Olivetti was about more than typewriters

Credit: Architectural Press Archive / RIBA Library Photographs Collection | Luigi Cosenza

Industrialist, urban planner, innovator, publisher, social reformer, promoter of good design and architecture: Adriano Olivetti was a truly unique figure in 20th-century Italy. He transformed his father’s small typewriting company in Ivrea into a successful international brand, working with artists and designers on both his advertising campaigns and products, many of which have become iconic in terms of design and functionality. 

Meanwhile he improved conditions for employees by decreasing the hours of work ahead of official legislation, increasing salaries and fringe benefits, and encouraging cultural activities. The housing estate and facilities for the firm’s workers were designed by some of Italy’s leading architects, including Figini and Pollini and Ignazio Gardella. Carlo Scarpa designed the Venice showroom in Piazza San Marco.

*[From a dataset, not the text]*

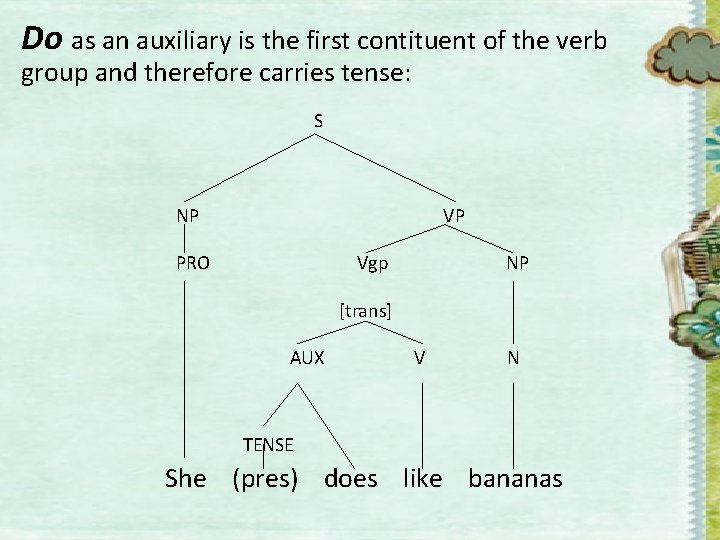 Do as an auxiliary is the first contituent of the verb group and therefore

This factory in Pozzuoli, near Naples, was designed in the mid-1950s by another architect of the rationalist school, Luigi Cosenza. Considered by many to be his masterpiece, the building sensitively responds to a site of outstanding natural beauty.

Olivetti died suddenly on a train in 1960. His vision for a new type of Italian industry, with social responsibility at its core, sadly ended with him.